---------- DATA SHOWN ----------

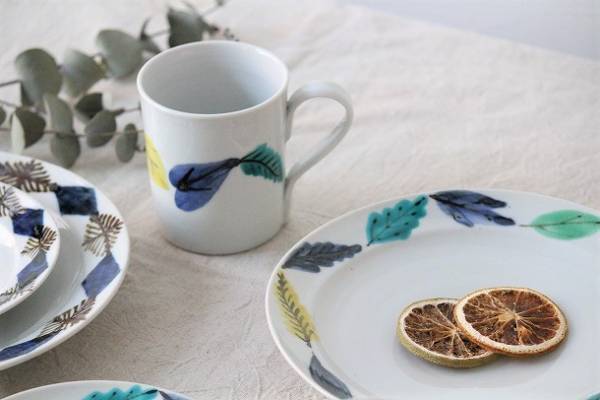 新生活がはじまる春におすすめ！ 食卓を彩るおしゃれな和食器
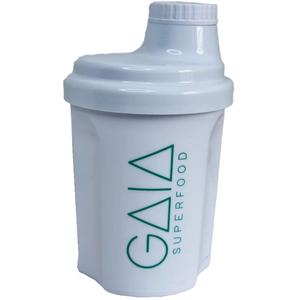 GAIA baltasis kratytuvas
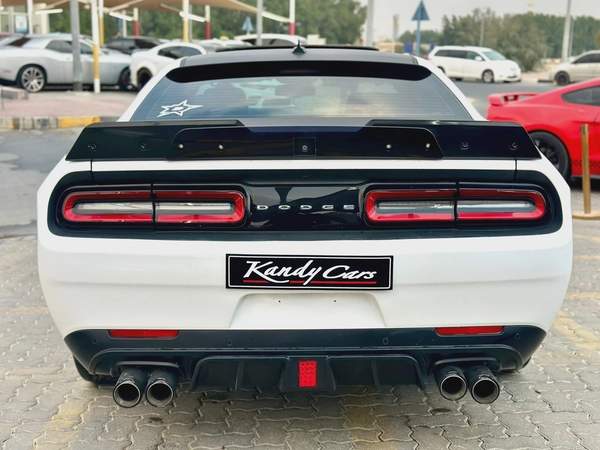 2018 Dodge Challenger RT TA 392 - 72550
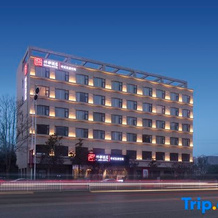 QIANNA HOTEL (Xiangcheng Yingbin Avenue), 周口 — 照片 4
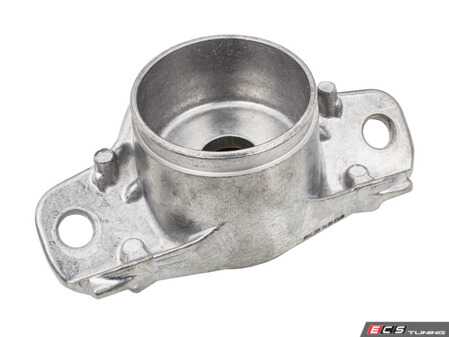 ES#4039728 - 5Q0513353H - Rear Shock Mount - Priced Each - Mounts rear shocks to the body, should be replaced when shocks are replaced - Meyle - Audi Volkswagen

----------
---------- DATA SHOWN ----------

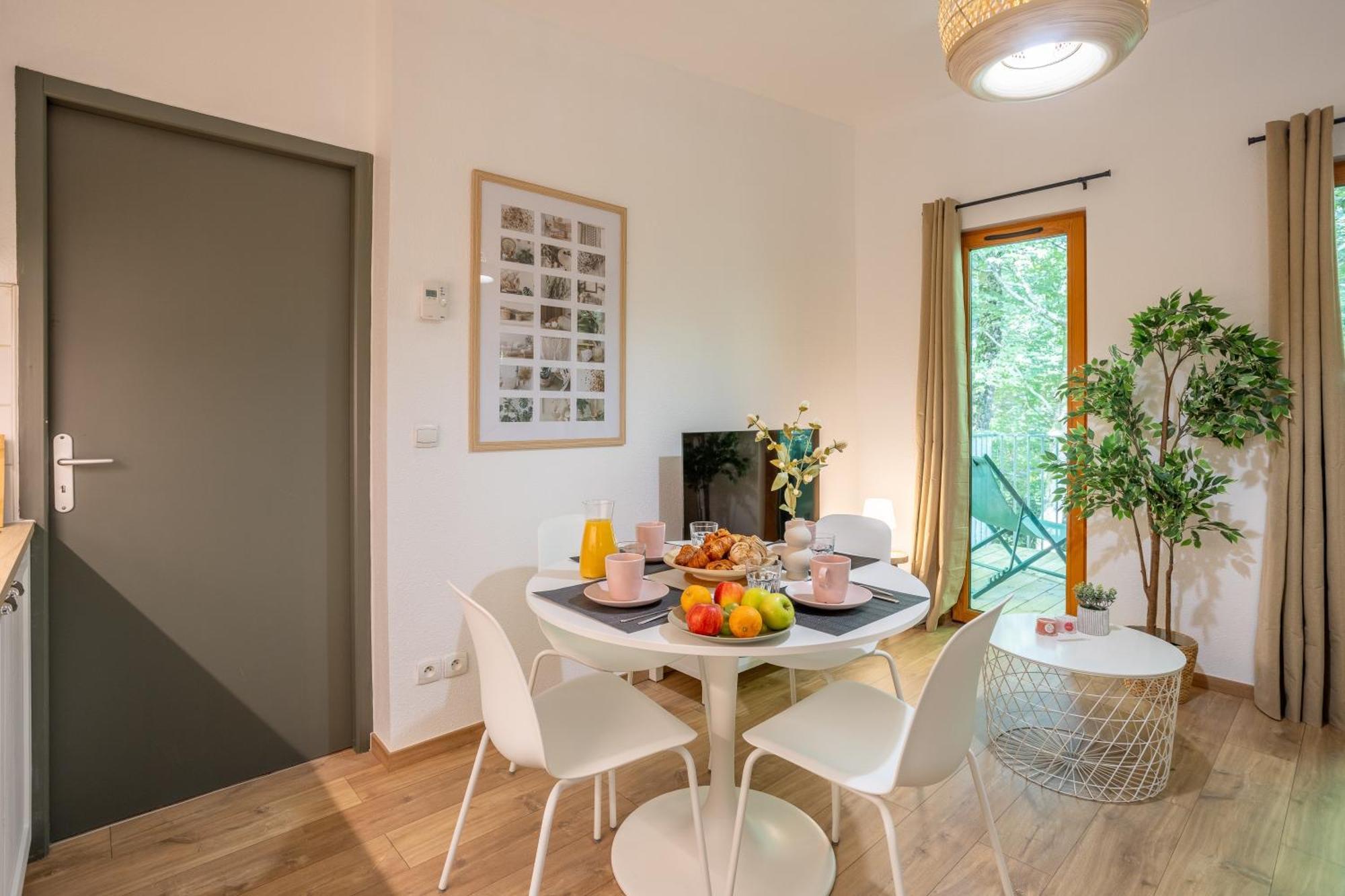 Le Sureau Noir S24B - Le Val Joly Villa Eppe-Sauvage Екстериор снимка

----------

**DESCRIPTION OF THE TASK**
Up in the listing, locate the line with "新生活がはじまる春におすすめ！ 食卓を彩るおしゃれな和食器"; print it and every line after it down to the line with "ES#4039728 - 5Q0513353H", which is included too. Skip the pictures.

**RESULT OF THE TASK**
 新生活がはじまる春におすすめ！ 食卓を彩るおしゃれな和食器
 GAIA baltasis kratytuvas
 2018 Dodge Challenger RT TA 392 - 72550
 QIANNA HOTEL (Xiangcheng Yingbin Avenue), 周口 — 照片 4
 ES#4039728 - 5Q0513353H - Rear Shock Mount - Priced Each - Mounts rear shocks to the body, should be replaced when shocks are replaced - Meyle - Audi Volkswagen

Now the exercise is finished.